= Exercise instructions =
Copy each line of the data beneath in which the word "Neck" appears.

= Items listed in a dataset =
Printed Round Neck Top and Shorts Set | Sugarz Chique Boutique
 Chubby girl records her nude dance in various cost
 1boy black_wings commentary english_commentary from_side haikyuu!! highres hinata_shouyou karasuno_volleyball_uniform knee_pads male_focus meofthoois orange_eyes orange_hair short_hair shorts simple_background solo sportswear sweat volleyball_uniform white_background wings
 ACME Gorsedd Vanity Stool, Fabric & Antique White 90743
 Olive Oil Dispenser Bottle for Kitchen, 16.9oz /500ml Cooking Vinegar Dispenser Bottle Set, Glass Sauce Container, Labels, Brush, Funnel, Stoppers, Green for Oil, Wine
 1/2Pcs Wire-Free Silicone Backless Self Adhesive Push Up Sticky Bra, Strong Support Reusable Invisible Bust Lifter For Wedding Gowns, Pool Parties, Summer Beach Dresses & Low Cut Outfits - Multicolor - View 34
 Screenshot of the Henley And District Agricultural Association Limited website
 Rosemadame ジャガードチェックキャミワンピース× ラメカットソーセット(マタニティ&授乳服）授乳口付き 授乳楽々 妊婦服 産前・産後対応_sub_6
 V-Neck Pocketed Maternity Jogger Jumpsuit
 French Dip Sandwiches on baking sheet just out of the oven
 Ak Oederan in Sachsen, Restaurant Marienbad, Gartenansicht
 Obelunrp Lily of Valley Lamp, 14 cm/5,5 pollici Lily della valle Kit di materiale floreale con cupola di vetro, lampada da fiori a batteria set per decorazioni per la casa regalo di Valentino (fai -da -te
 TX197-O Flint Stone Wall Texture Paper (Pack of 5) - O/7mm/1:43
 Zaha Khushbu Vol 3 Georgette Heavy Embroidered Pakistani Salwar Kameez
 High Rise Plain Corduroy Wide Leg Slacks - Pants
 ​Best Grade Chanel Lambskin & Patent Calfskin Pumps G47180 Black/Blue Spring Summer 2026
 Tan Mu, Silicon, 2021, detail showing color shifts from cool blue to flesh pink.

= Your response =
Printed Round Neck Top and Shorts Set | Sugarz Chique Boutique
 V-Neck Pocketed Maternity Jogger Jumpsuit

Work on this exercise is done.